I think it may help if I get him used to meeting other children but am reluctant to take him to play centres as the other children and parents dont like it when he does the same thing there.  Can anyone suggest anywhere I could take him to meet other children? or should I just perservere with the play centre type places?

Thank you in Advance.

Rachael

  • How about taking him to an activity where physical contact is expected maybe junior Marshall arts clu  or some other club does he like dancing or gymnastics where he could take part? 

    My girl got over the huggy phaze with time eventually she got that people didn't want lots of cuddles I just told her that they wanted to play xyz instead fortunately she didn't get upset when they pushed her away.

  • Hi - It might be worth asking if any of the local play centres organise a special needs night?  It would perhaps give him the opportunity of socialising in a less judgemental environment.

  • For most children learning what to do when, while based on in-built mechanisms, is a learning curve. As has been demonstrated children know about inflexion in speech before they learn languge, hence the role of nonsense talk.

    If you are autistic you don't pick up enough of these social cues to be able to get enough information when and where a hug is appropriate.

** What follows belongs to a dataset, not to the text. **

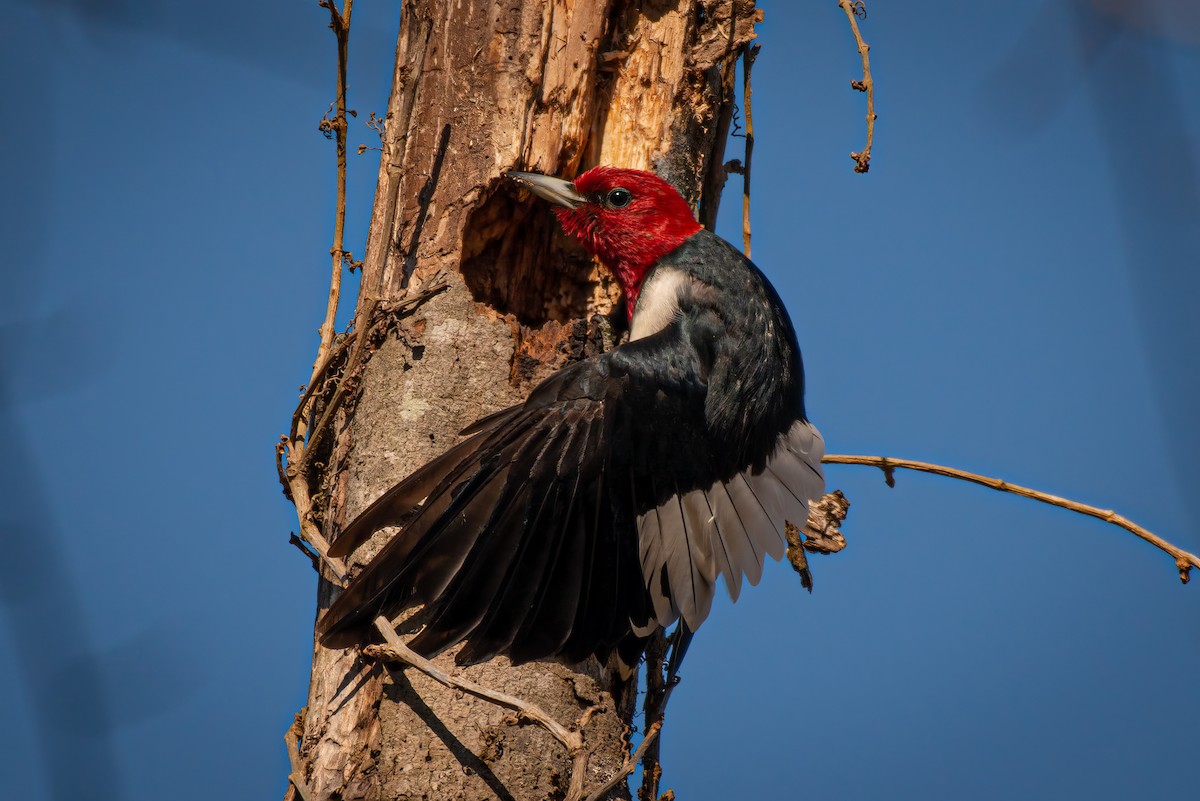Red-headed Woodpecker - ML620502820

    But one way of learning is immitation. if a hug seems the right thing to do then hug (assuming there are no sensory sensitivities in the way). Trouble is you need more than just imitation you need to spot the cues for when to imitate. In time that can be learned too, but I guess at 4 there is little can be done but try.

    Trouble is as you get more and more negative feedback, and get hurt more, the easiest way out of trouble is to do nothing - go into neutral - blank facial expression, no physical contact, no other non-verbal exchange - line of least resistance, least chance of getting hurt.

    At least he's interacting. Might be a healthy sign that he will muddle through rather than withdraw.